5.3 Inferência variacional

The goal of variational inference is to approximate a conditional density of latent variables given observed variables. (Blei, Kucukelbir, and McAuliffe 2017, 4)

Exercício 5.10 Assista aos seguintes vídeos do canal de Chieh Wu. Total 1h39m48s.

5.3.1 Entropia

Informação (surpresa) \[\begin{equation} I = \log \left( \frac{1}{p(x)} \right) = -\log p(x) \tag{5.2} \end{equation}\]

(Shannon 1948, 11) define entropia no caso discreto por \[\begin{equation} H = - \sum_{i=1}^{|R_x|} p(X_i) \log p(X_i) \tag{5.3} \end{equation}\]

\(H\) pode ser interpretada como a informação média de uma V.A. discreta.

5.3.2 Entropia diferencial

Shannon assumed, without calculating, that the analog of \(\sum p_i \log p_i\) was \(\int w \log w dx\), and got into trouble for lack of invariance. (Jaynes 1963, 202)

A entropia diferencial é a informação média de uma V.A. contínua, e pode ser descrita simplificadamente por \[\begin{equation} H = - \int_{i=1}^{|R_x|} p(X_i) \log p(X_i) \tag{5.4} \end{equation}\]

Para a medida invariante de entropia para o caso contínuo, veja a Eq. (63) de (Jaynes 1963).

5.3.3 Divergência de Kullback–Leibler

The idea behind VI is to first posit a family of densities and then to find the member of that family which is close to the target.

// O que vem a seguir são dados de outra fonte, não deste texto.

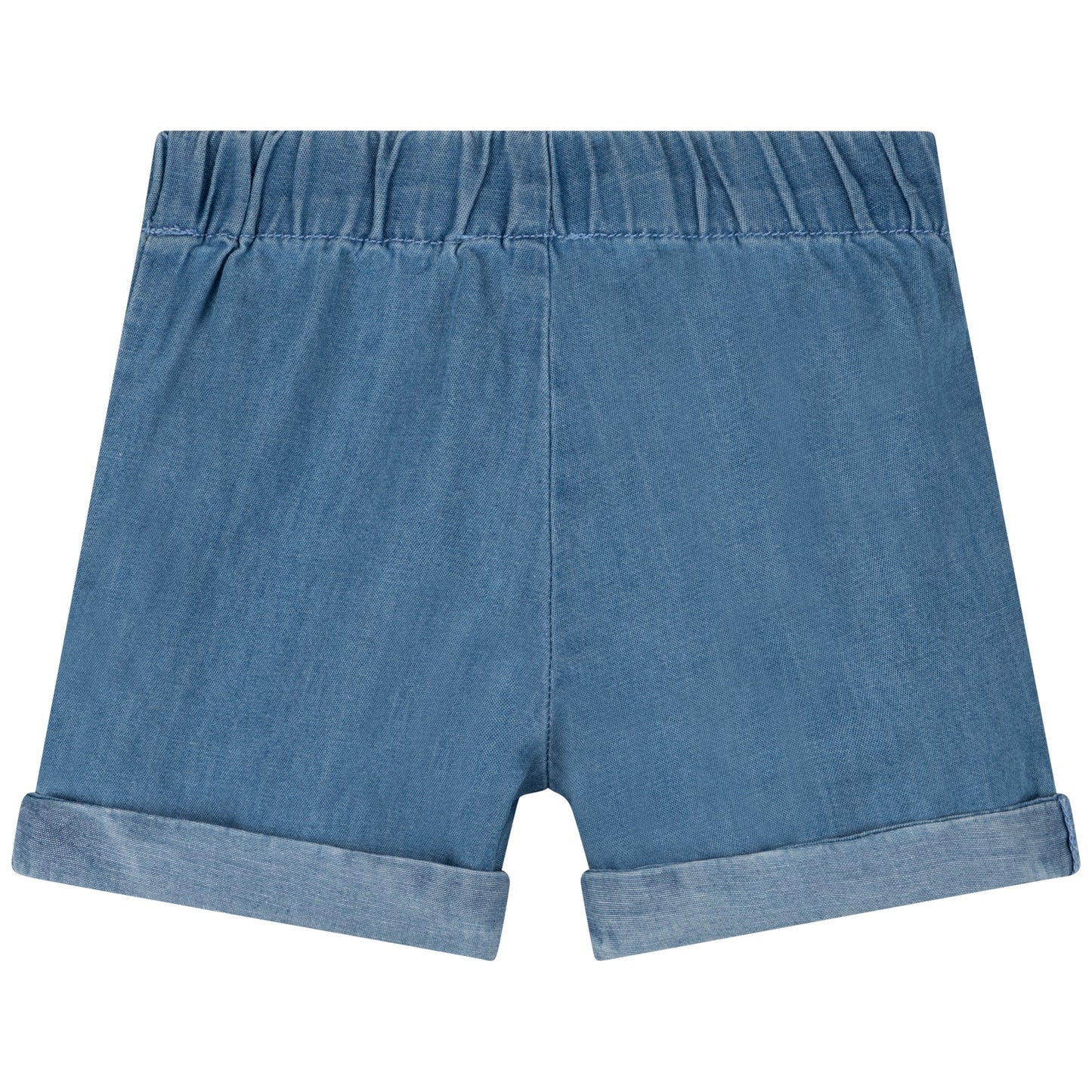 Monkeys Polo T-Shirt and Shorts Set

Closeness is measured by Kullback-Leibler divergence. (Blei, Kucukelbir, and McAuliffe 2017, 1)

A divergência de Kullback-Leibler é uma medida de entropia relativa proposta por (Kullback and Leibler 1951). Quando baseada em \(P\), é definida por \[\begin{equation} D_{KL}(P||Q) = \sum_{x \in X} P(x) \log \frac{P(x)}{Q(x)} \tag{5.5} \end{equation}\]

Quando baseada em \(Q\), define-se por \[\begin{equation} D_{KL}(Q||P) = \sum_{x \in X} Q(x) \log \frac{Q(x)}{P(x)} \tag{5.6} \end{equation}\]

Segundo (Kullback 1978, 6–7), \(D_{KL}(P||Q)\) e \(D_{KL}(Q||P)\) possuem todas as propriedades de uma distância (ou métrica), exceto pela desigualdade triangular, sendo portanto consideradas divergências direcionadas tais que \[D_{KL}(P||Q) \ne D_{KL}(Q||P)\]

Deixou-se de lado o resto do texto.